ADA/NADP share views on overpayment/refunds requests
Past ADA News issues included articles on claims processing delays, dental claims denials, least expensive alternative treatment clause, and bundling and downcoding.
Subsequent articles will feature the remaining "Top Ten" concerns, which include post utilization review, assignments to participating doctors and others.
Many times when a third-party payer mistakenly pays a dental provider, the payer will request a refund of the overpaid amount. In some cases, refund requests have been sent to dentists more than two years after the payment was made. The patient may no longer be a patient of record with that dentist.
In most instances, the overpaid amount is deducted from future benefits paid to the dentist. In some cases, overpayments made to other dentists for the same patient may be deducted from future benefits payments to the dentist. Many members question the fairness of this practice.
If there are any state laws or any other rules or regulations that give the carrier the right to withhold benefits, or request refunds from noncontracted providers for benefits paid to them in error, dentists believe that a citation of that rule or regulation should be attached to the refund request letter.
Dental benefits industry perspective
Carriers have policies in place via edits in auto adjudication systems to limit potential overpayments. However, overpayments requiring a refund can still occur for several reasons largely beyond the control of the carrier.
One of the most common reasons for refund requests is when an employer terminates a patient's dental benefits but delays notifying the carrier of this change in the employee's status. This can occur for any number of reasons, the most usual being a change of employment.
If the payer does not receive timely notice of this type of change or elimination of benefit, claims can be paid inappropriately for patients who in effect were not covered on the date of service. Once the payer learns of such a change, premiums collected by the carrier are returned because contractually, the patient bears the financial responsibility for the services rendered.
Carriers generally issue a request for refunds as soon as they become aware of an overpayment. However, events and state laws often conspire to further delay when the carrier can legally request the refund—a circumstance that forces the process to take far longer than anyone would like.
For instance, overpayments often occur when an employer decides to terminate a group contract with a carrier, and rather than notify the carrier, the employer simply fails to remit the premium. In these instances, state laws often mandate grace periods during which coverage must remain active. These grace periods are typically for 30 to 60 days during which time carriers cannot withhold claims payment nor communicate that the coverage could become suspended due to nonpayment of premium. The patient is ultimately responsible for claims under these circumstances.
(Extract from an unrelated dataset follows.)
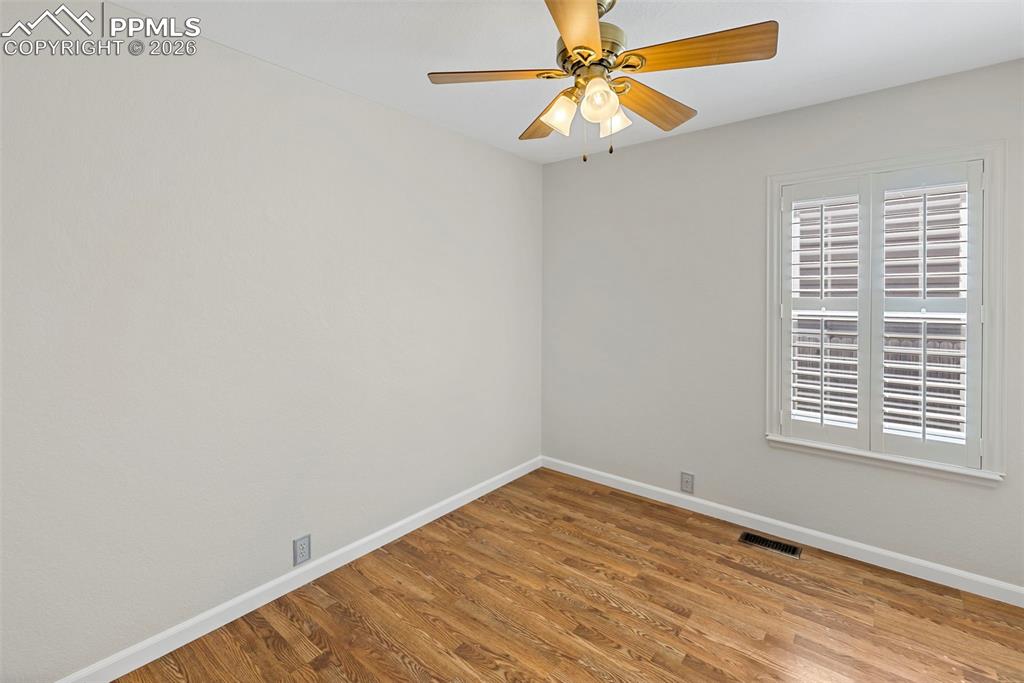 5503 Ansel Drive Colorado Springs CO 80923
Once the grace period has lapsed, or if the employer provides notification that they have elected to drop coverage or change carriers, state law requires that the termination must be retroactive to the last day the premium was paid. As a result, claims that were processed and paid during the grace period are not valid because the patients did not have effective coverage with the carrier during that time.
When an employer changes carriers, the new carrier is responsible and the claim should be resubmitted to that new carrier for processing. The patient is responsible for notifying the dentist of any change in their dental benefits; ultimately the patient should be held liable for any claims paid during this period.
Another reason for refund requests is when a claim is submitted with an incorrect provider name or a generic practice name. This can, for example, cause an in-network claim to be paid out of network. Usually the patient or the dentist will call to inquire why the claim was paid incorrectly, prompting the carrier to reprocess the claim with the appropriate benefit.
Incorrect use of the Code on Dental Procedure and Nomenclature is another common issue in refund cases. If an incorrect CDT code is submitted that does not reflect the actual service provided by the dentist, a greater benefit may be paid inappropriately. If attention is brought to the payer—usually by a second dental office to which the patient has transferred—and the proper CDT code is applied, the claim will be reprocessed and any overpayment will be requested as a refund from the first office. Additionally, procedures are sometimes submitted for reimbursement just prior to completion, crown insertion for an example, without prior notice of the transience of some patients. Should the claim be paid and the member never return for the final insertion, a refund may be requested as the covered service was never completed. The patient would be responsible for any incurred laboratory and office cost.
Most large group employers self-fund their dental benefits, meaning they contract with a carrier only for administration. In these cases, which impact 37 million of the 170 million Americans with dental benefits, the payer has a fiduciary responsibility as well as a contractual obligation to ensure all claims are paid according to the employers' contract terms. These self-funded employers, with full expectation that a refund will be obtained and funds returned to the employer, scrutinize overpayments.
Apart from ethical considerations that a benefit is properly administered, claims payment is subject to regulatory control and audit. Payers must be able to provide documented rationale for each claim processed to state and federal regulators. Most payers will make a written request for a refund before implementing an automatic deduction from a subsequent payment.
There is no statute of limitation with respect to refund requests; however, most payers will try to request a refund as soon as an overpayment is discovered. Requests for overpayments are usually defined within a network provider agreement. With the exception of Ohio and Florida, plans are not allowed to implement automatic deductions from subsequent payment for noncontracted providers.